* Problem description
Please retype the data below line for line and leave out every picture.
[Input data Boundary: Start]
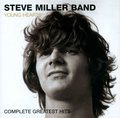 Steve Miller Band《The Joker》[MP3_LRC]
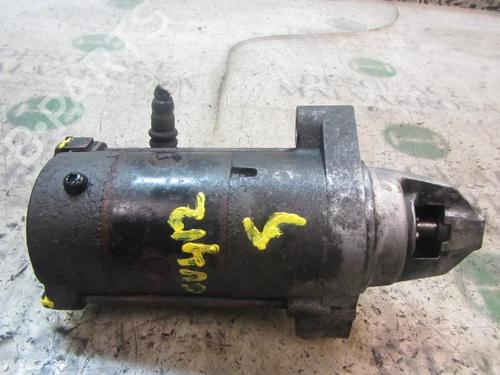 Used Starter Starter 3833803 3833803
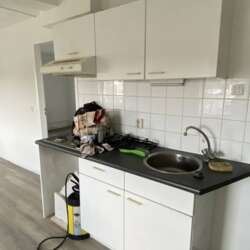 Foto #2 Appartement Aalsterweg Eindhoven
[Input data Boundary: End]
* Result below
 Steve Miller Band《The Joker》[MP3_LRC]
 Used Starter Starter 3833803 3833803
 Foto #2 Appartement Aalsterweg Eindhoven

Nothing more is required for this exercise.